▸ **The data**

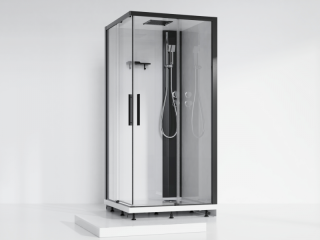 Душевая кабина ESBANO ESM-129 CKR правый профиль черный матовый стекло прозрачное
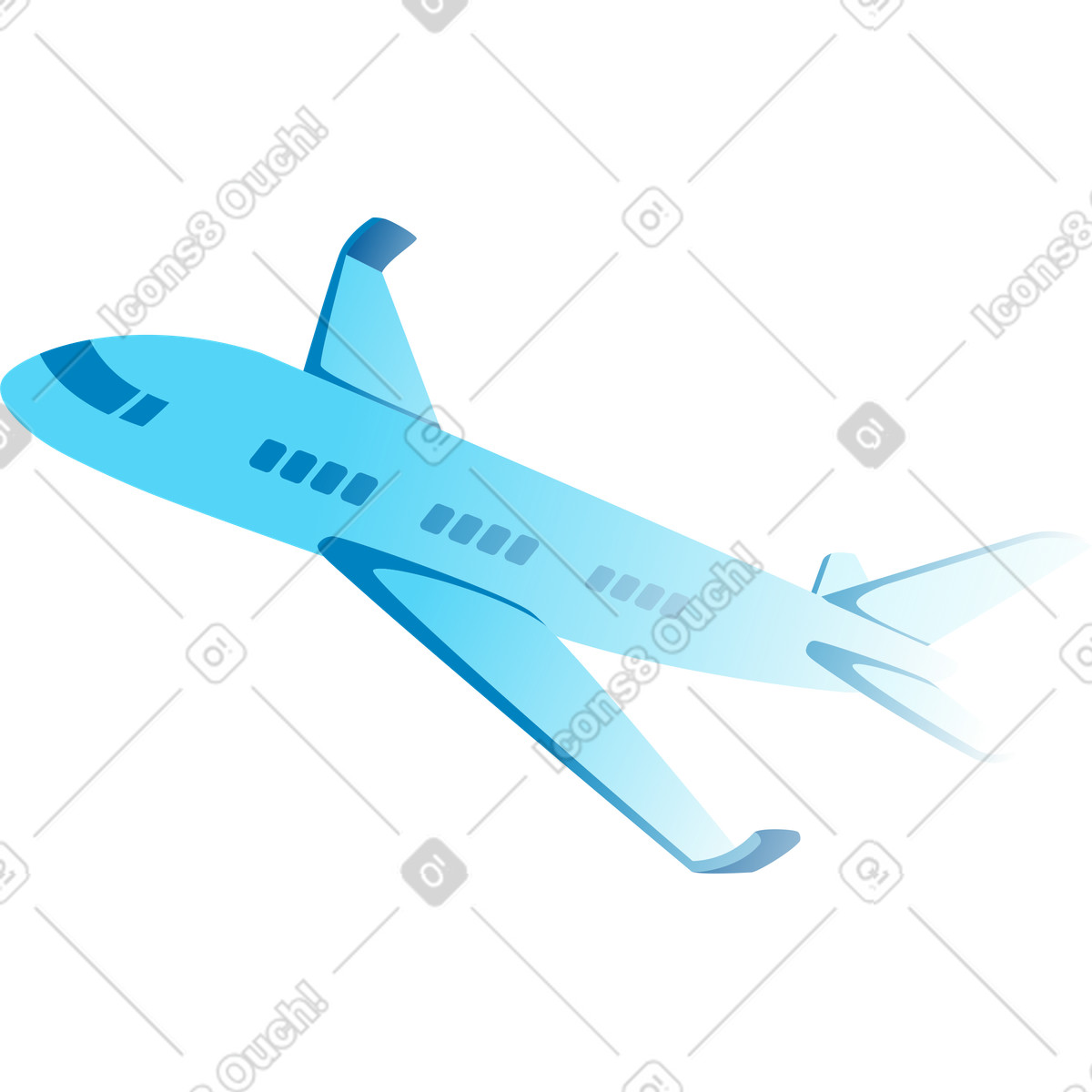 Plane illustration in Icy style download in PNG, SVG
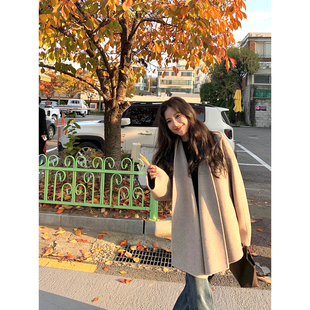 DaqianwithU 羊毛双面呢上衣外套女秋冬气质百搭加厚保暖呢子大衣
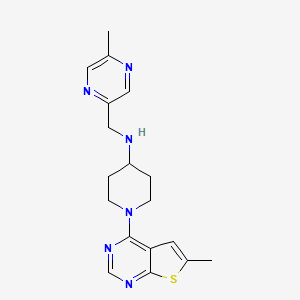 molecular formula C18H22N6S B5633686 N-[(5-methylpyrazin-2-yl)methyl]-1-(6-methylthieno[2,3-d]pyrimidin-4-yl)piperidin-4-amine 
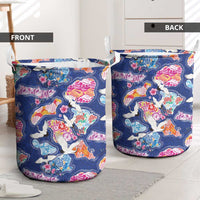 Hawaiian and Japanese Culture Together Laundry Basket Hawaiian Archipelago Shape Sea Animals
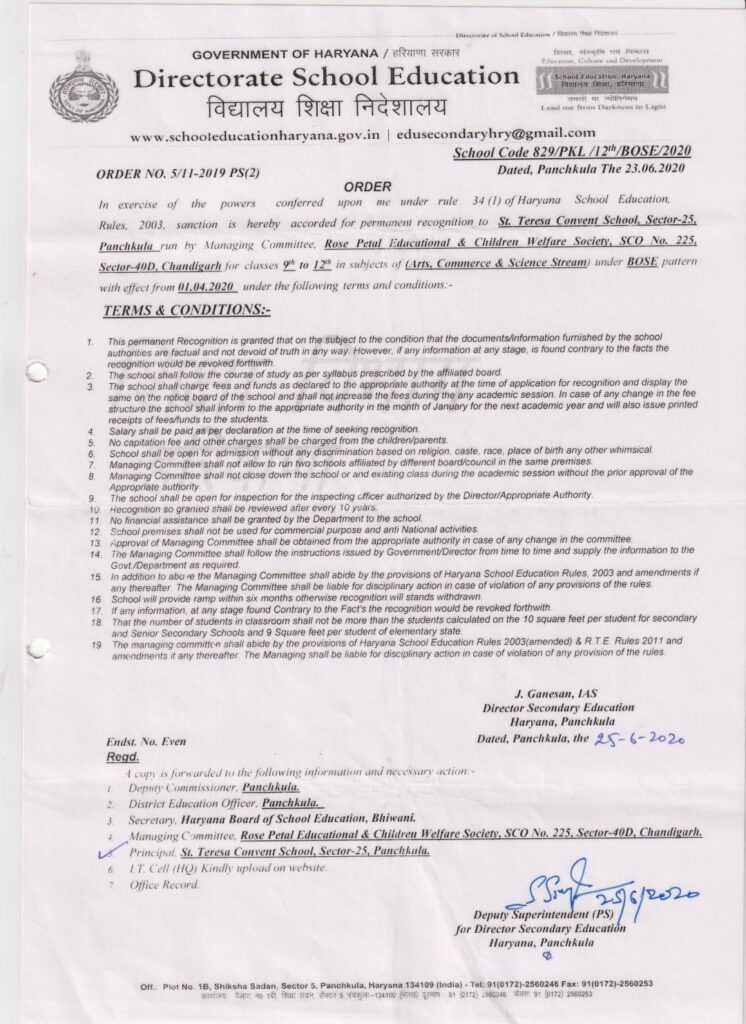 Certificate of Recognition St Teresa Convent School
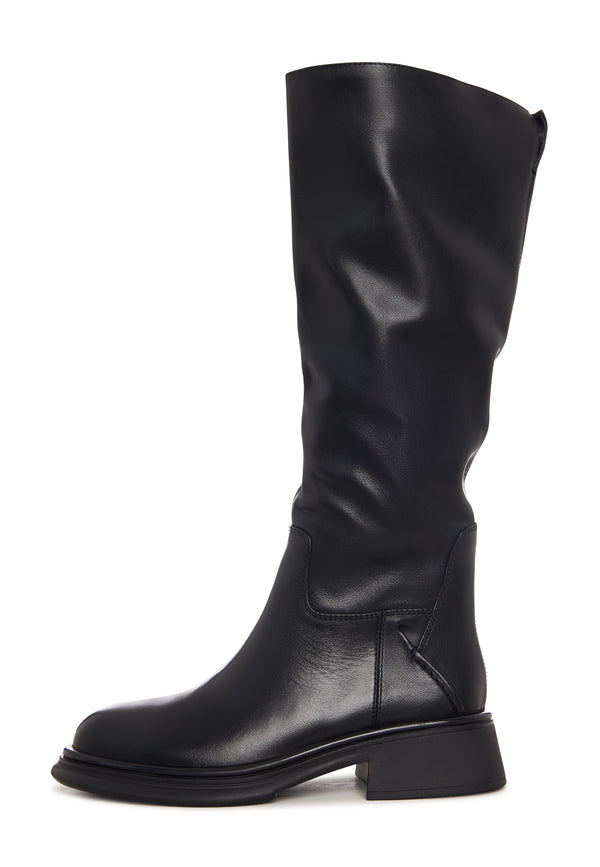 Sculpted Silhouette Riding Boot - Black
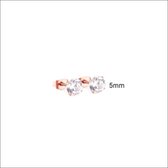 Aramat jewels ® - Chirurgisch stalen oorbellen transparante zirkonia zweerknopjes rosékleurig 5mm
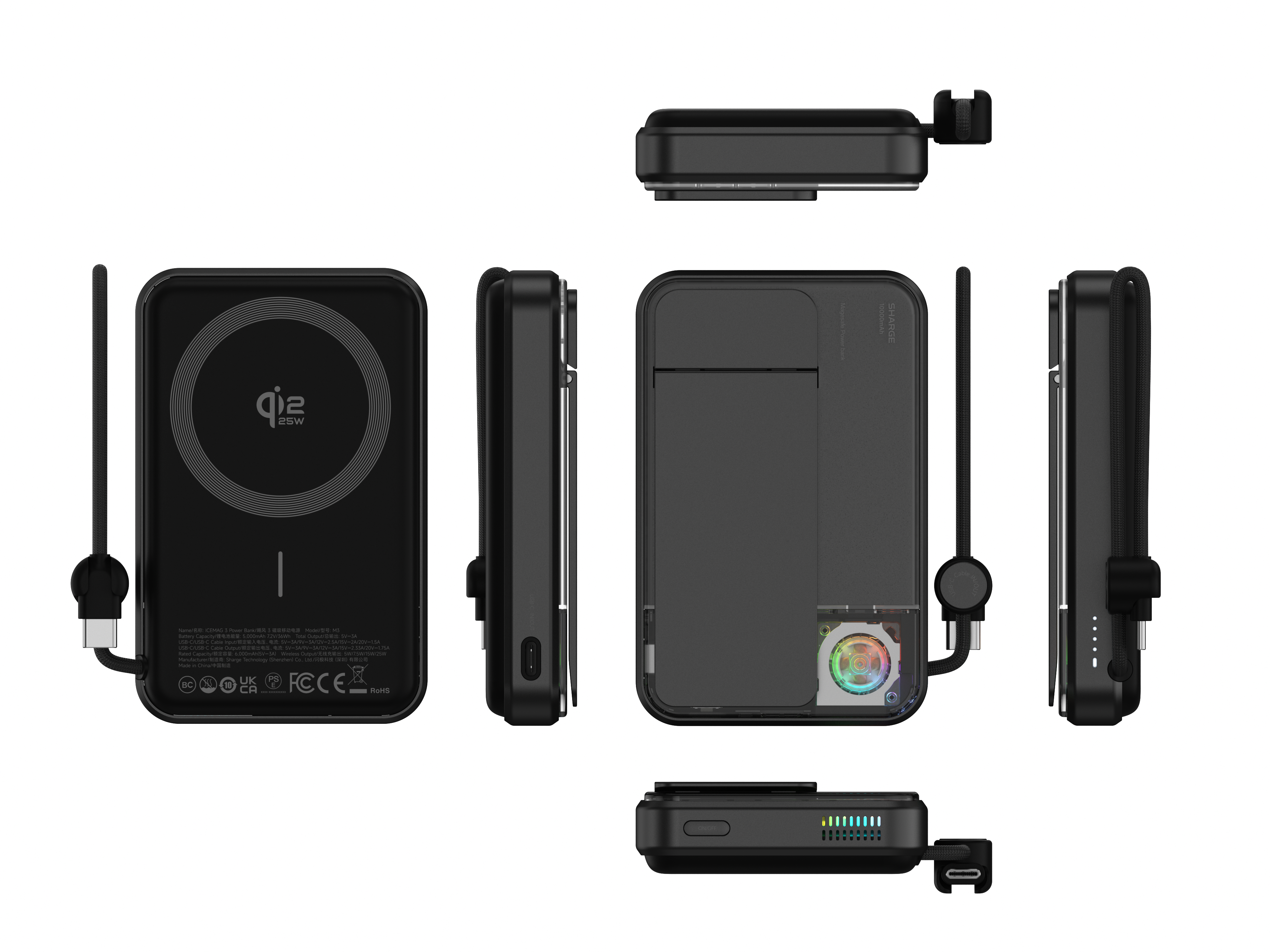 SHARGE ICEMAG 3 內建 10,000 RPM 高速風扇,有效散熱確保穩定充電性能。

▸ **Exercise aim**
For this exercise, output only the lines from the one bearing "Sculpted Silhouette Riding Boot - Black" to the end of the material above, exactly as written, with pictures left out.

▸ **Task answer**
 Sculpted Silhouette Riding Boot - Black
 Aramat jewels ® - Chirurgisch stalen oorbellen transparante zirkonia zweerknopjes rosékleurig 5mm
 SHARGE ICEMAG 3 內建 10,000 RPM 高速風扇,有效散熱確保穩定充電性能。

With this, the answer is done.